When shots fired—explosive punctuation to the already chaotic encounter—Cormac crouched to take himself out of any line of fire. Looking, he found a man some thirty yards off, near the worn-out shed, aiming a rifle in the direction Kitty’s wolf had raced off.

Chapter 13

FURY GRABBED Cormac, with an urge to race over, yank the rifle out of the guy’s hands and beat him over the head with it until his skull caved in. Then keep going. He didn’t do that, because that was likely to get him shot. A quick assessment—the shots hadn’t gotten her. Kitty was still running, quickly disappearing into the trees. The gunman kept shooting anyway, wasting bullets.

Ben was going to kill him for getting her into this.

How were we supposed to know it was a skinwalker, not a werewolf? My God. Even Amelia sounded breathless.

Cormac wasn’t so sure Ben would understand. If the roles had been reversed, he’d be inclined to break the other’s neck for putting Kitty in danger. Kitty wouldn’t even be able to stop him. Fortunately, Ben was a lot more rational than that. He’d at least wait for an explanation. He might not ever talk to Cormac again after, but he’dlisten to the excuses first.

In the end, he recognized the gunman, which kept Cormac from murdering the guy straight off. Thickset, bearded, in a green canvas jacket and faded jeans. Jess Nolan, of course. Cormac tipped his head back, looking heavenward in a vague prayer, then stood, held up his arms and the flares in a show of peace, and called out. “Hey!”

His eyes buggy with shock, Nolan swung the rifle around, but lowered it when he saw Cormac. He squinted like he didn’t believe what he was seeing.

“Bennett? Cormac Bennett, is that you?”

Cormac hadn’t thought he was famous until the last few days. He’d had a reputation years ago, but he figured it wouldn’t have survived his time in prison plus a couple of years of mostly staying out of trouble. Oh well.

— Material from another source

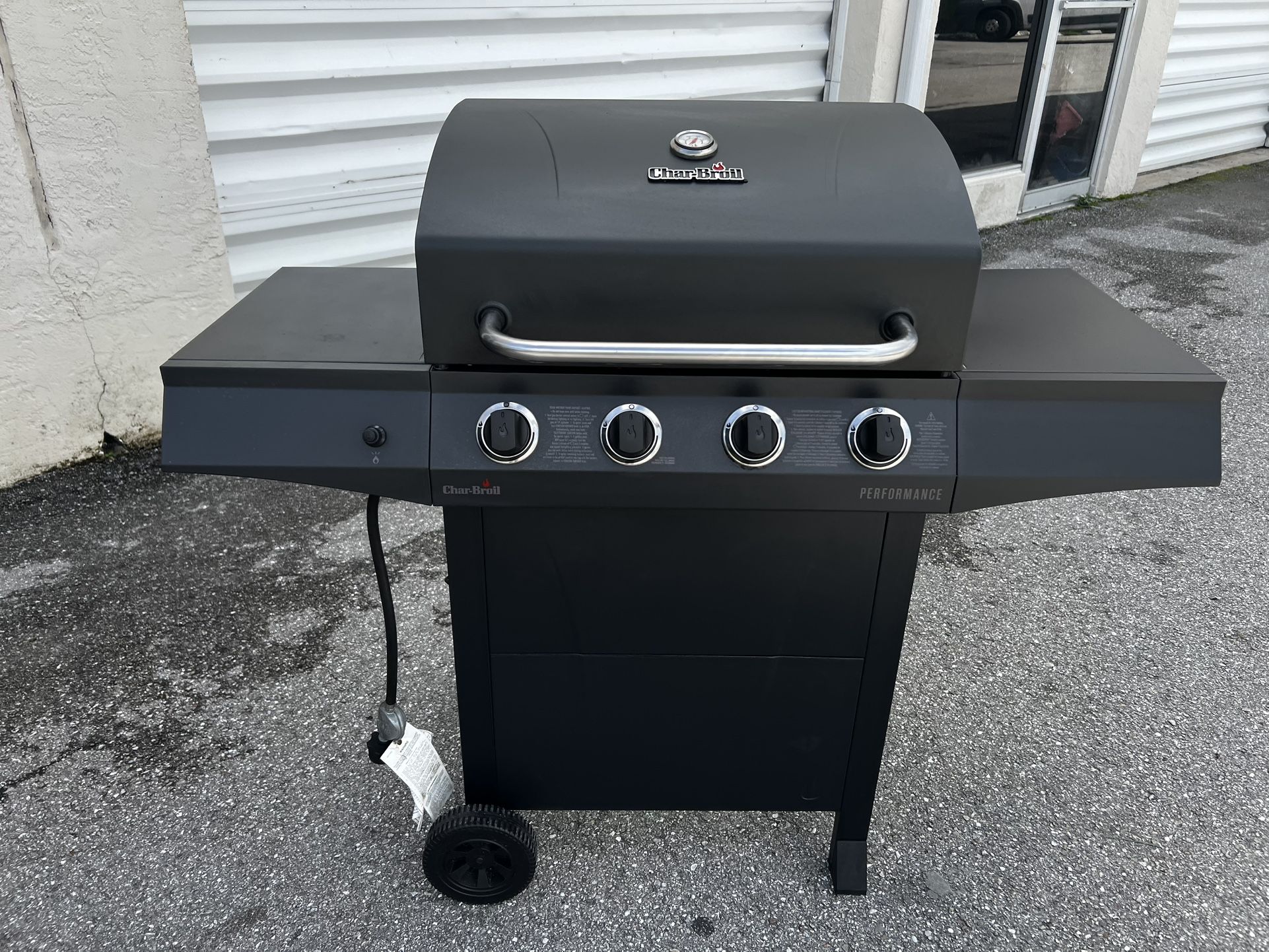 Delivery Available! Char-Broil Performance Black Steel 4 Burner Propane Gas Grill BBQ! Works great! Has to be lit using a lighter. Does not include pr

“Jess Nolan,” he said by way of reply. A statement as well as an expression of annoyance.

Nolan’s laugh was nervous, like he was pretending to be happy to see him, and trying to ignore what had just happened. Tucking the rifle under his arm, he came over, holding his hand out like he expected Cormac to shake it. Cormac had his hands full of road flare and didn’t move.

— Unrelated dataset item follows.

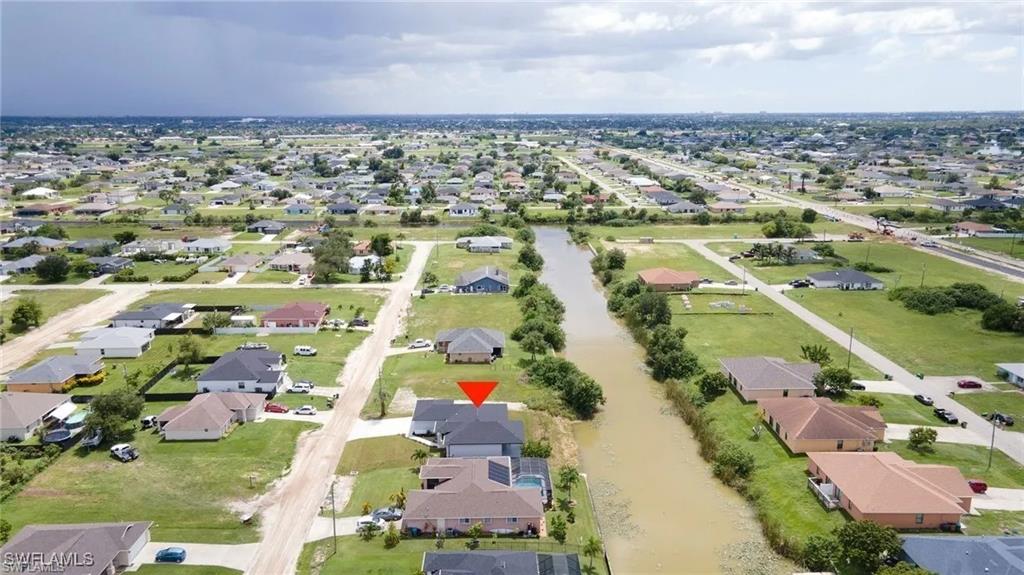 Aerial overview of property's location with nearby suburban area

“What are you doing out here, Bennett?” He tried to sound casual, but kept looking back into the trees. Trying to decide which was the bigger threat, Cormac or the werewolf he’d just seen go tearing off.

Cormac took a pointed look at the torn grass and bloodied ground where the fight had taken place, as well as the abandoned-looking shed and mine entrance. “Just out for a walk with a friend. You’re a little jumpy with that gun, you think?”

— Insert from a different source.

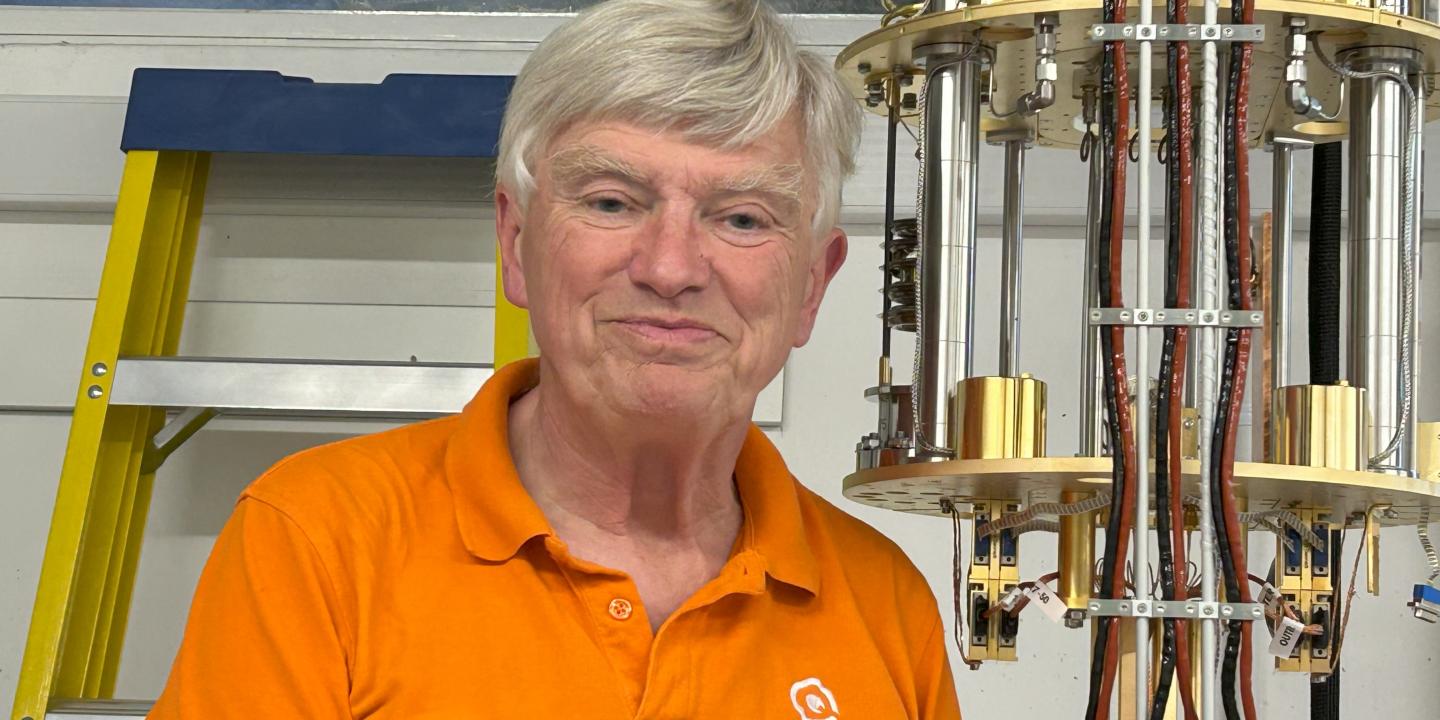 A professor stands next to experimental equipment.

His nervous smile dropped. “Friend—you don’t mean that wolf?”

“I do. I figure that’s why you’re out here—just you and a wolf, out for a walk?”

“Sure. I guess.” He was standing between Cormac and the shed. Guarding it.

“You want to tell me about the skinwalker?”

“The what?” he said flatly. Cormac wasn’t buying the dumb act.

“You’ve got some jumpy Navajo wizard working for you patrolling the place, right? Maybe getting in fights?”

“How do you know about that shit?”

Cormac gave him a look; his patience was gone. “I’m not interested in your stash, Nolan. I’m going to go track my friend down now, and I’d appreciate it if you called off your buddy before she gets to him.” And so Cormac didn’t have to keep looking over his shoulder.

“Your friend? A werewolf. I thought you hunted down werewolves.”

Yeah, so did he. His father’s memory chastised him yet again. “Yeah, well, there was this girl. What the hell you doing out here that you need muscle like that? What is it Layne thinks you’re doing out here?”